UConn wins on senior night behind Napier and Giffey
With the 2011 national championship banner hanging overhead, Niels Giffey, Tyler Olander and Shabazz Napier, the only players left from UConn's third national championship team, said goodbye to Gampel Pavilion and the 10,167 fans inside.
The three seniors, along with graduate student Lasan Kromah and walk-on Tor Watts, were honored on Senior Night Wednesday before the No. 19 Huskies' 69-63 win over Rutgers.
"I was excited to come out and play," Napier said. "I told the guys, 'Even though it's Senior Day, we have to come out and play the same way. We have to play the game we know how to play.' But it was definitely a special moment."
The Class of 2014 went out in style. Napier scored 26 points, moving within two points of Kemba Walker for seventh on the all-time scoring list, and hit a career-high seven 3-pointers. Giffey made six of his nine shots, four of them from behind the arc for a career-high 16 points. Olander did his part in 13 minutes, adding four points and three rebounds. Kromah struggled offensively - he was 1-for-7 for three points - but the transfer from George Washington added four rebounds, two steals and a block on the defensive end for UConn.
"That's really the perfect end for me playing here in Gampel," Giffey said. "I was really carried by the emotions we had, my mom being here, a lot of my friends being here. I really just felt all the love from the fans and all the support they gave me. That was really moving for me. So it's easy to give that back on the court."
The emotions were obvious, but Napier, who said Saturday after beating Cincinnati that he plays bad when he cries, kept his composure.
"The guys thought I was going to be the first to cry," Napier said, "but I told them it's not like last year when I knew that was our last game."
Last year's 20-10 season ended abruptly at Gampel Pavilion - despite an overtime victory over Providence - because of the Huskies' postseason ban, a result of poor academic scores.

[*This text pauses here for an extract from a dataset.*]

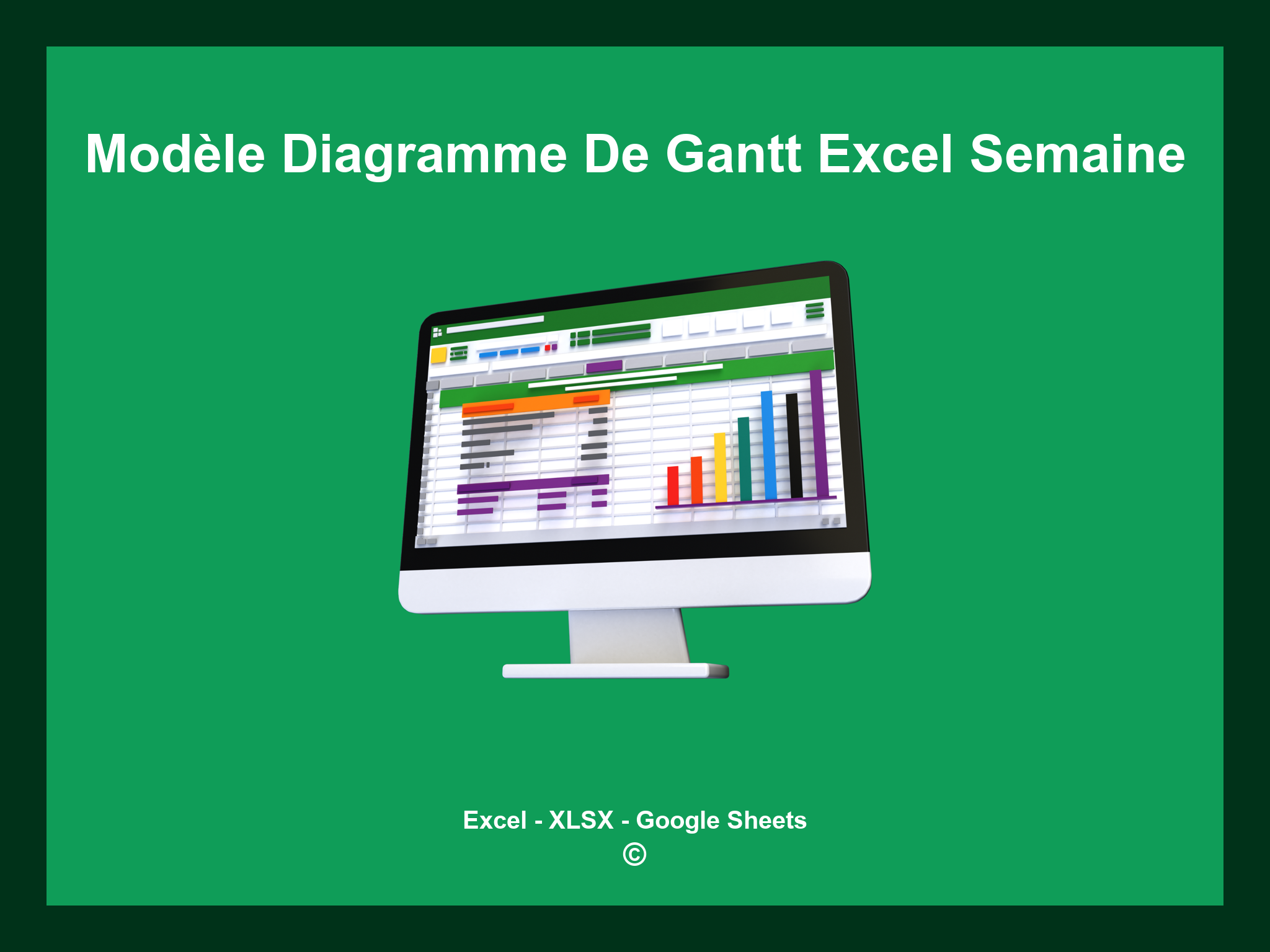 Modèle Diagramme De Gantt Excel Semaine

On March 16, UConn will be announced as one of the 68 participants in the NCAA Tournament, with the Huskies looking for their first tournament victory since the 2011 National Championship Game.
Giffey and Olander addressed the crowd following the win. When they were done, Ollie grabbed the microphone and declared to the fans that come the second week of April, the Huskies would be back at Gampel Pavilion to raise the program's fourth national championship banner.
"Like 68 other teams, we've got a chance, so why not think it?" Ollie said. "Because that's the only way you're going to get a chance, if you think and have faith."
Before the five departing players hang up their sneakers, there is a lot of basketball to play. UConn goes to Louisville Saturday for the regular season finale against the No. 11 Cardinals. After that, the team goes to Memphis for the inaugural American Athletic Conference Tournament. Then, after potentially three games in Tennessee, the NCAA Tournament begins, with the Huskies and 67 other teams fighting to be the last team standing.
"No matter what team you are, if you're the worst team or the best team, feels that way, you want to get to the last game. As long as we continue to work hard and make sure we get in the games and make sure we play the way we're supposed to play, we should be fine."
UConn has an advantage that is shared by only two other teams that will be in the tournament field. Like Kentucky and Louisville, UConn has players with championship experience.
Napier, Giffey and Olander got their experience the hard way. In 2011, the Huskies became the only team to win a conference tournament by winning five games in five days. After that, UConn was a No. 3 seed in the NCAA Tournament and won the title. Now, they are trying to use the lessons they learned during that run to prepare the Huskies for what lies ahead.
"It's an extraordinary task to do what we did," Olander said. "That's unbelievable, a once in a lifetime type of thing. Hopefully we can make it twice. So you just need to keep it in perspective, go night by night. It's a bunch of small pictures that make a big picture; just got to show them the frame of each little picture, and at the end, hopefully we can all lift that big prize."
Ollie's comment may have gotten a positive rise out of the fans, but for the players, it was no surprise. It did not faze them. When the expectation is to win the national championship, the way to behave is to reinforce the idea that you are capable of doing so.
"That's how he felt," Napier said. "That's definitely how he felt. I'm not going to shy away from it. I'm going to back him up. I believe we can definitely be (national champions), but it's one thing to say it, and we have to go out and do it."